«Tomó consigo a Pedro, a Santiago y a su hermano Juan, y subió con ellos aparte a un
monte alto. Se transfiguró delante de ellos,
y su rostro resplandecía como el sol, y sus vestidos se volvieron blancos como la luz» (Mt 17, 1-2).
Dice el Evangelio que, junto a Jesús
transfigurado, «aparecieron Moisés y Elías conversando
con él» (Mt 17, 3);
Moisés y Elías, figura de la Ley y de los Profetas. Fue
entonces cuando Pedro, extasiado, exclamó: «Señor, ¡qué bueno es que estemos
aquí! Si quieres, haré tres tiendas: una para ti, otra para Moisés y otra para
Elías» (Mt 17, 4).
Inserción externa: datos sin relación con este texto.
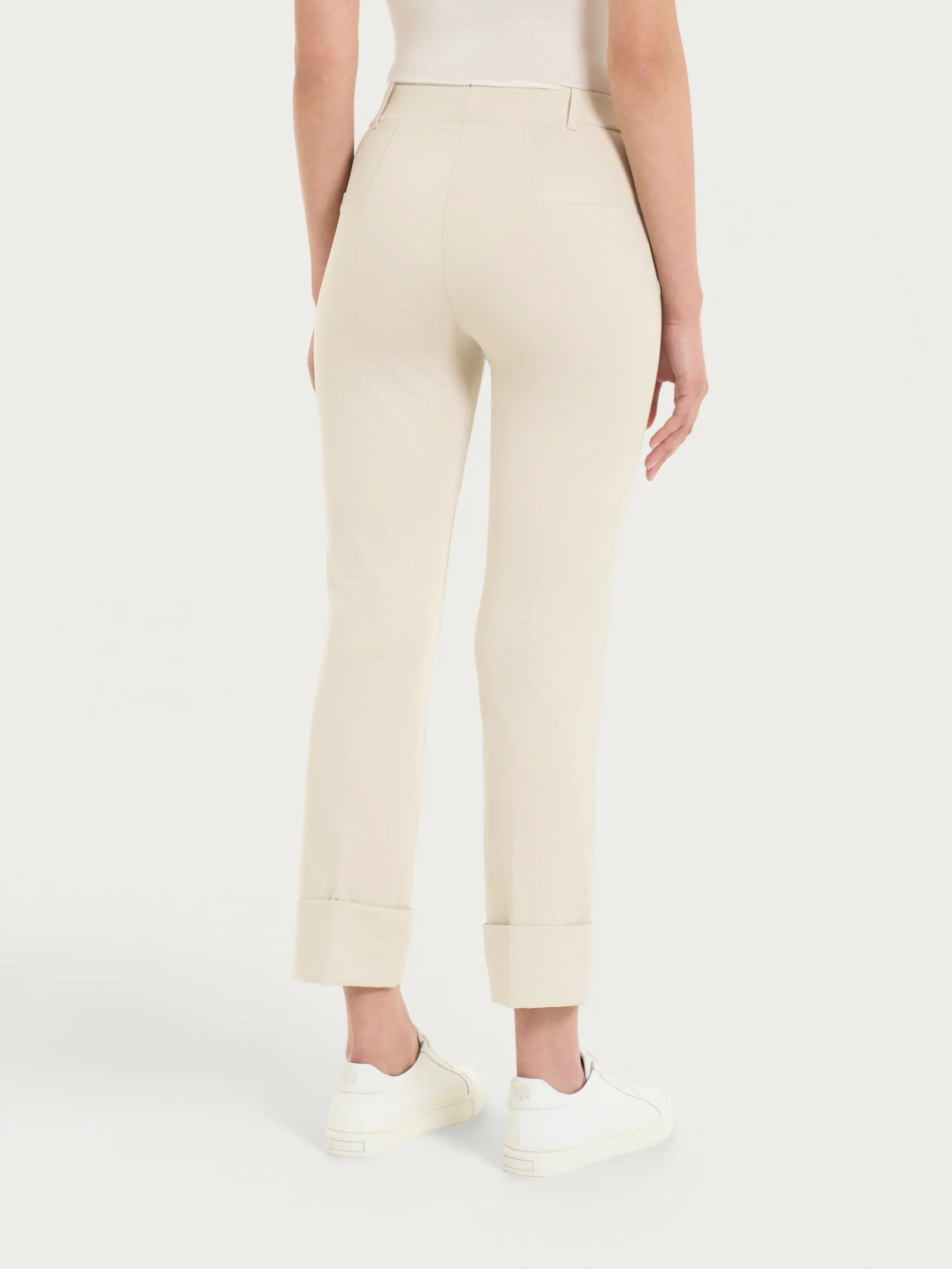 Pantalone slim dritto in Compact Light - Champignon - Image 2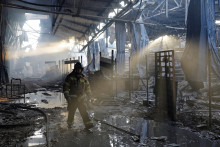 Hasič pracuje na mieste ruského útoku. FOTO: Reuters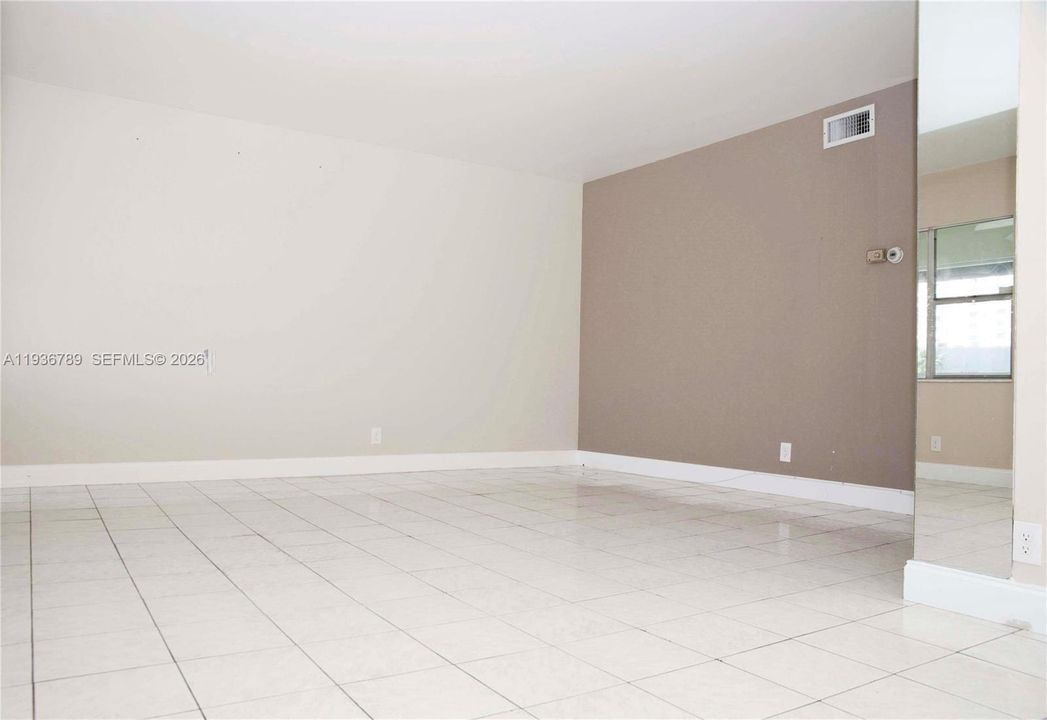 En Venta: $208,000 (2 camas, 2 baños, 965 Pies cuadrados)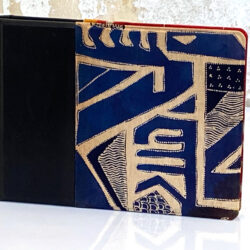 בד אפריקאי אדום וכחול2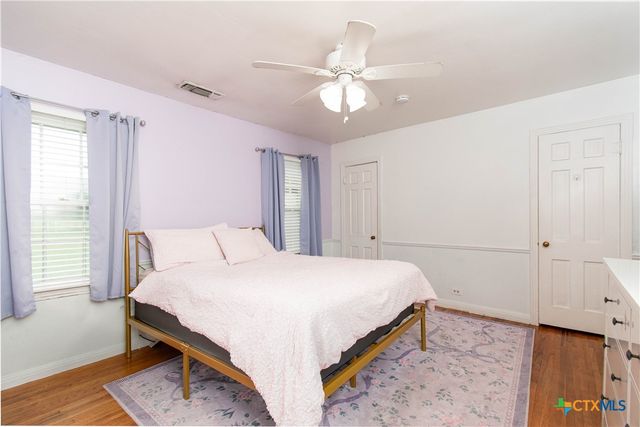 417 E 14th Avenue, Belton, TX 76513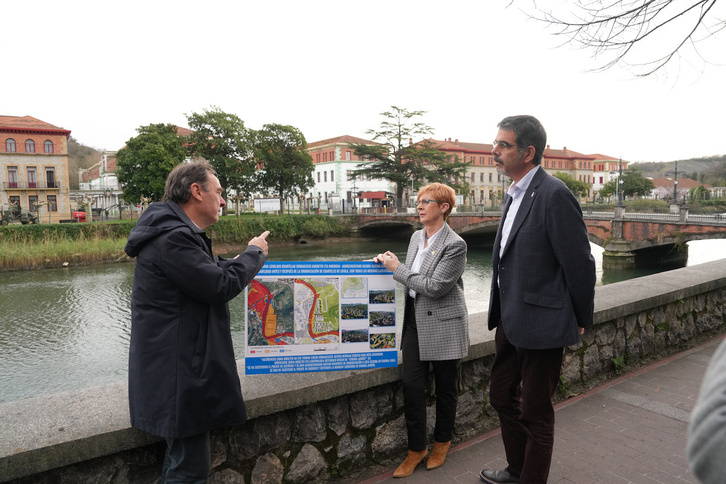 Antonio Aiz (URA) junto a la consejera Arantxa Tapia y el alcalde Eneko Goia.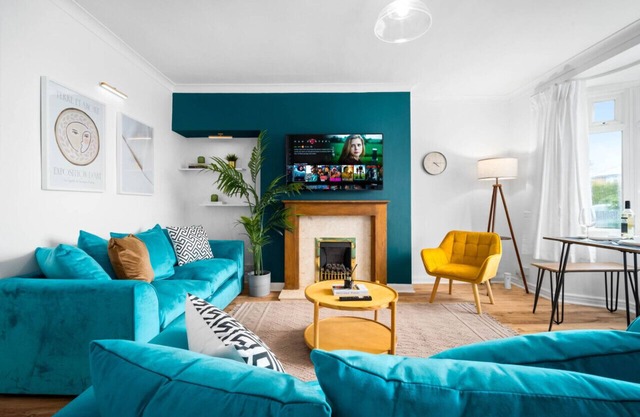 Luxury Three Bedroom House - Garden - Parking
Pero san Agustín comenta diciendo que nosotros
tenemos sólo
una morada: Cristo; él «es la Palabra de Dios, Palabra de Dios en la Ley, Palabra
de Dios en los Profetas» (Sermo De Verbis Ev. 78,
3: pl 38, 491).
De hecho,
el Padre mismo proclama: «Este es mi Hijo, el amado, en quien me complazco.
Escuchadlo» (Mt
17, 5).
La Transfiguración no es un cambio de
Jesús, sino
que es
la revelación de su divinidad, «la íntima compenetración de su ser con Dios,
que se convierte en luz pura. En su ser uno con el Padre, Jesús mismo es Luz de
Luz» (Jesús de Nazaret, Madrid 2007, p. 361). Pedro, Santiago y Juan, contemplando
la divinidad del Señor, se preparan para afrontar el escándalo de la cruz,
como se canta en un antiguo himno: «En
el monte te transfiguraste y tus discípulos, en
la medida de su capacidad, contemplaron
tu gloria, para que, viéndote
crucificado, comprendieran que tu pasión era voluntaria y anunciaran al mundo que tú eres verdaderamente el
esplendor del Padre» (Kontákion eis ten metamórphosin, en:
Menaia, t. 6, Roma 1901, 341).
Queridos amigos, participemos también
nosotros de esta visión y de este don sobrenatural, dando espacio a la oración
y a la escucha de la Palabra de Dios.